Good tests don't change

A common complaint about unit tests is the overhead that it takes to write and maintain them. I think the core reason for this is that people write tests that they keep needing to rewrite.

There are two specific causes I want to write about:

testing implementation details, and
tests not being abstract enough.

Good tests don't change*, even if data structures change.

* unless behavior does

Implementation details

To help talk about implementation details, let's consider a fictitious HTTP API Demeter that searches and analyses a database of foods. Demeter is pretty typical: it has several abstraction layers:

a web layer handling status codes, serialization, HTTP stuff;
a logic layer for actual... logic; and
a storage layer that handles talking to a database.

Implementation details are parts of the program that can change, and still solve the problem. Demeter stores data in a PostgreSQL database. It could have been MySQL. It could have been a graph database. It could have been Mongo. Picking is important, but usually there are many suitable choices.

diagram of the three layers, with line
between web and logic to define implementation details

You can take this to extremes and argue that the fact it is over HTTP is also an implementation detail. It could be gRPC, it could be raw TCP. I'm going to assume that the public API is not an implementation detail. To be a useful concept we need to draw a line.

So what do you unit test? The HTTP API, right?

No! Implementation details are contextual. To your users the public API may not be an implementation detail, but it is an implementation detail to our tests. Lets say one of our tests wants to verify that we can ask for the calories of a banana. In this context, anything else is an implementation detail¹.

Abstracting details

We are used to making abstractions in the code we write to solve problems, like the three layers of Demeter. We should also be making abstractions for our tests.

Most frameworks for making HTTP APIs allow you to create a test server for sending requests to, without creating a real server bound to a port. Examples I'm familiar with would be:

This lets us abstract away all the details except our public API. This is a good start, but we can go a lot further.

Abstract away how

The test server works great, so we go ahead and write hundreds of tests for Demeter's API. We have URLs, query parameters, and JSON strewn across all of these tests, because that's the public interface.

One of these tests might look like this:

describe("calory API", () => {
  it("should add a kiwi", async () => {
    const response = test_app.fetch("/foods", {
      method: "POST",
      body: { name: "kiwi" /* other fields */ },
    });
    expect(response.status).toBe(204);

    // get the food back
    const getResponse = test_app.fetch("/foods/kiwi");
    expect(await response.json()).toEqual({
      /* stuff */
    });
  });
});

A requirement changes, or a design problem is exposed. It turns out it takes a long time to add a new food to Demeter because a lot of work needs to be done updating everything connected to that food. It takes so long that users' requests are timing out.
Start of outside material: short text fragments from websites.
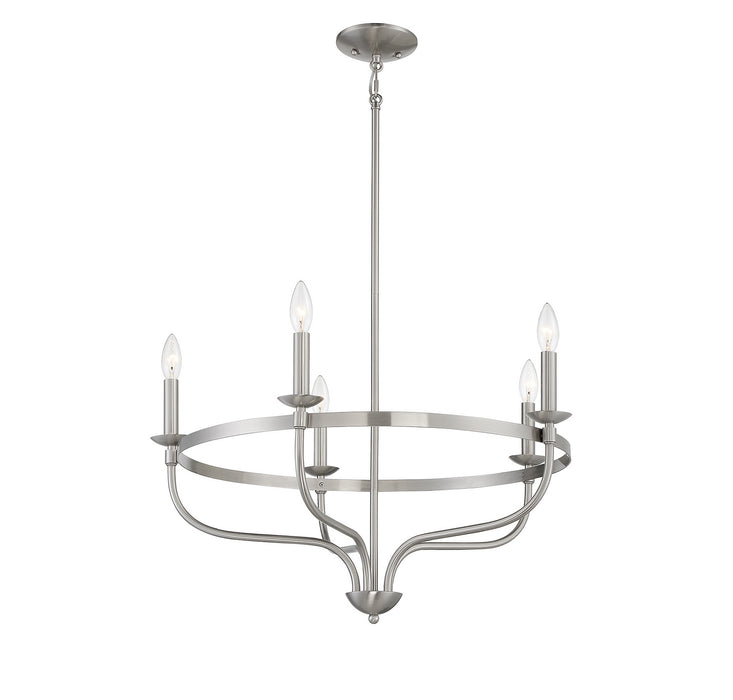 Meridian M10087BN Five Light Chandelier, Brushed Nickel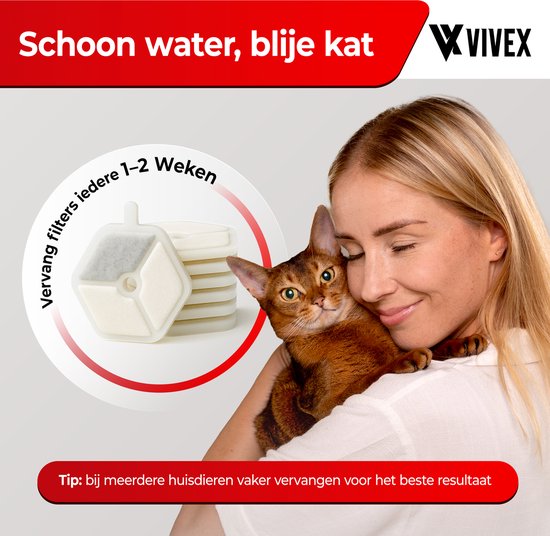 Vivex® Drahtlose Trinkbrunnenfilter - Katzenbrunnenfilter - Premium Qualität - 10 Stück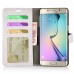 Luxury Pull-Up PU Leather Flip Wallet Stand Case Cover For Samsung Galaxy S6 Edge Plus - White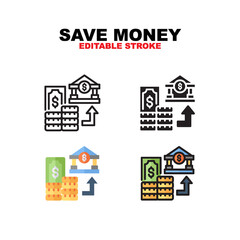 Save Money icon symbol set of outline, solid, flat and filled outline style. Isolated on white background. Editable stroke vector icon.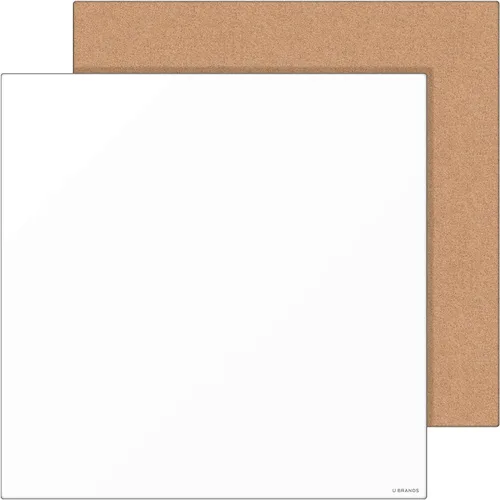 U Brands Paquete económico de pizarra blanca y tablón de anuncios con calendario de un mes sin fecha, 14 x 14 pulgadas, 2 piezas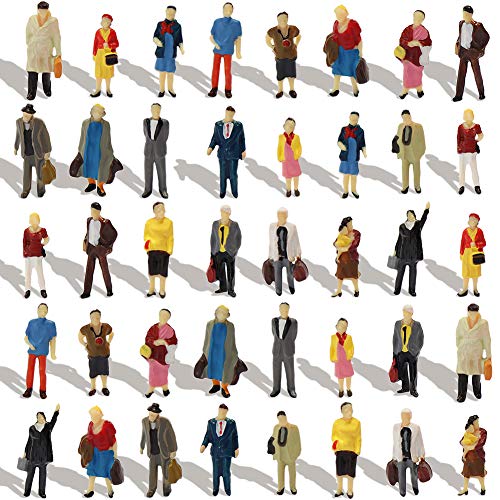 Evemodel P8712 40pcs All Standing Pose Figures Assorted HO Scale Person Model Train Street People Desktop Decoration - Image 1
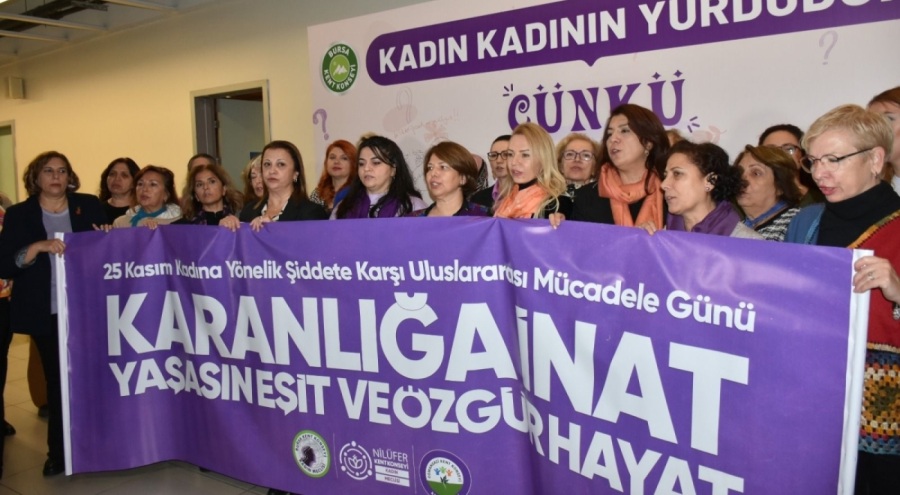 Bursa'da kadınlar, toplumsal eşitsizliğe ve şiddete karşı sesini yükseltti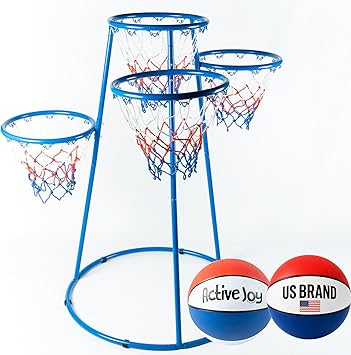 Activejoy- 4 Hoop Basketball Set - Toddler Basketball Hoop Indoor - Outdoor Play Preschool - +3 Years Old Toy. Includes 2 Balls and air Pump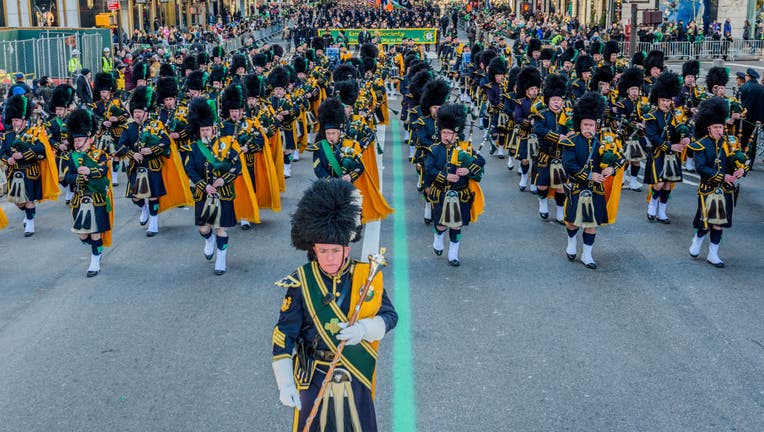 A marching band marches in the New York City Saint Patrick's Day Parade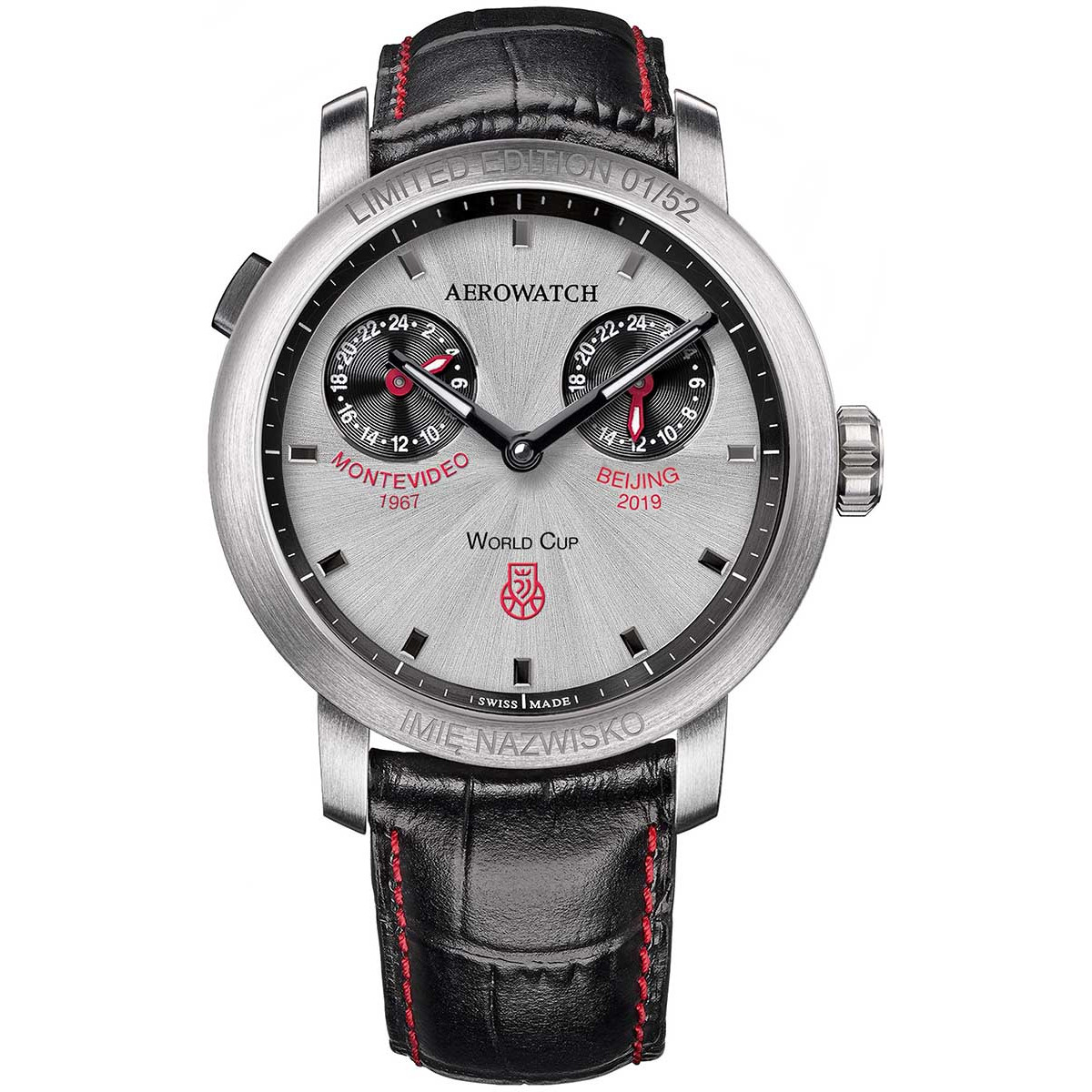 limitowany zegarek Aerowatch z czarnym paskiem i srebrną tarczą, edycja 01/52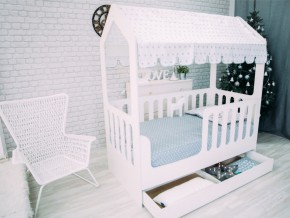 Кроватка-Домик с ящиком белая в Арамиле - aramil.magazinmebel.ru | фото - изображение 1
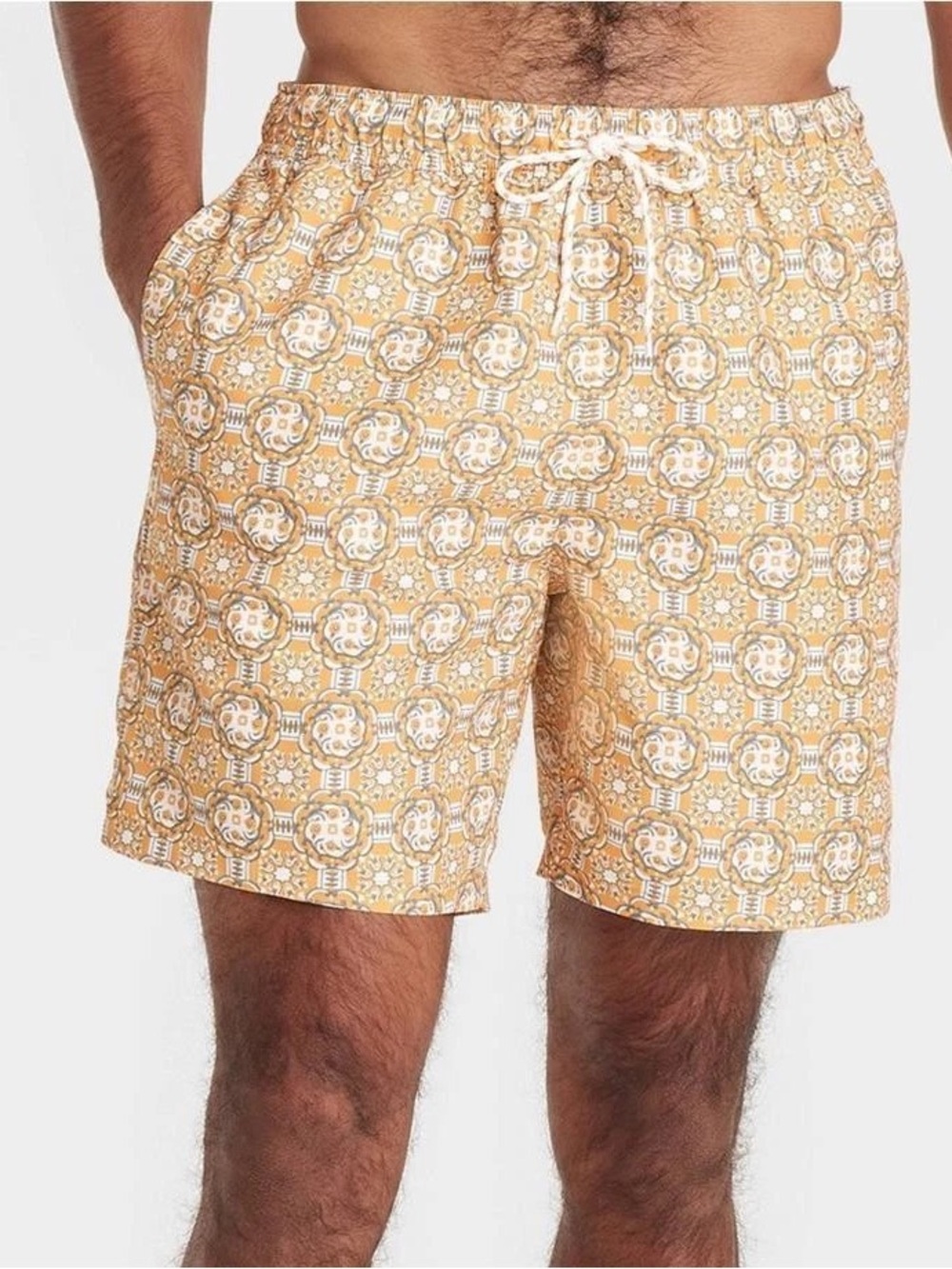 Goodfellow & Co Yellow Geometric Print Swim Trunks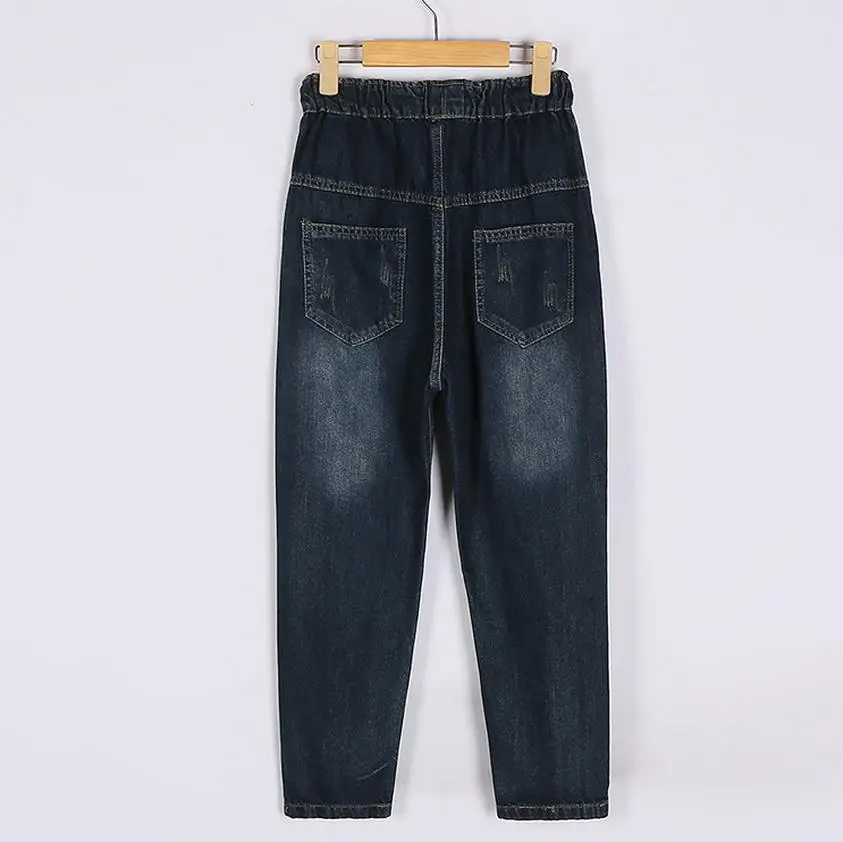 2XL-6XL плюс размер Новая высококачественная печать на заказ хлопковые джинсы женский эластичный пояс брюки Широкие брюки wj373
We decide to move to a task system that lets users submit tasks, and then poll for the results later. All our tests are now failing! We have to manually go and change several hundred tests that didn't care how we got the result in the first place!

To prevent these kind of things, you can abstract away details about how you make requests. The solution here is to have a function/object that makes the type of request you have a hundred tests for. Our test might now look like this:

describe('calory API', () => {
    it('should add a kiwi', async () => {
        const response = add_food(test_app, {
            { info: { name: "kiwi" }, /* other fields */ }
        });
        expect(response.status).toBe(204);

        // get the food back
        const food = get_food(('kiwi');
        expect(food).toEqual({ /* stuff */ });
    })
})

function add_food(test_app, food) {
    const response = test_app.fetch('/foods', {
        method: "POST",
        body: { info: { name: "kiwi" }, /* other fields */ }
    });

    const task_id = response.body.task_id;

    for (const attempts = 0; attempts < 10; attempts++) {
        const response = test_app.get(`/foods/${task_id}`);
        // check response, return if success, maybe sleep if not.
    }
}

function get_food(test_app, food)) { /* details */ }

Before the change the test just used the testing library's raw request functionality directly (ie test_app.fetch). After the change, the add_food function makes the request and handles polling for us. All of our tests pass again. If this function was in place before, it would have been just changing add_food.

This is exactly what you aim for if you write tests using Cucumber or the Robot framework². You're trying to describe things at a higher level, a level that is a more human description of the test.

It's impossible to abstract things away perfectly, or to be prepared for any given change. But, a small amount can go a long way in making tests more resilient to implementation detail changes, and even public interface changes. This can make for a more pleasant developer experience³.

Abstract away what

It is easy to have tests filled with data. Data that shows how you expect a certain request's JSON to look, data that you need as input. This data is almost always an implementation detail to what you are testing.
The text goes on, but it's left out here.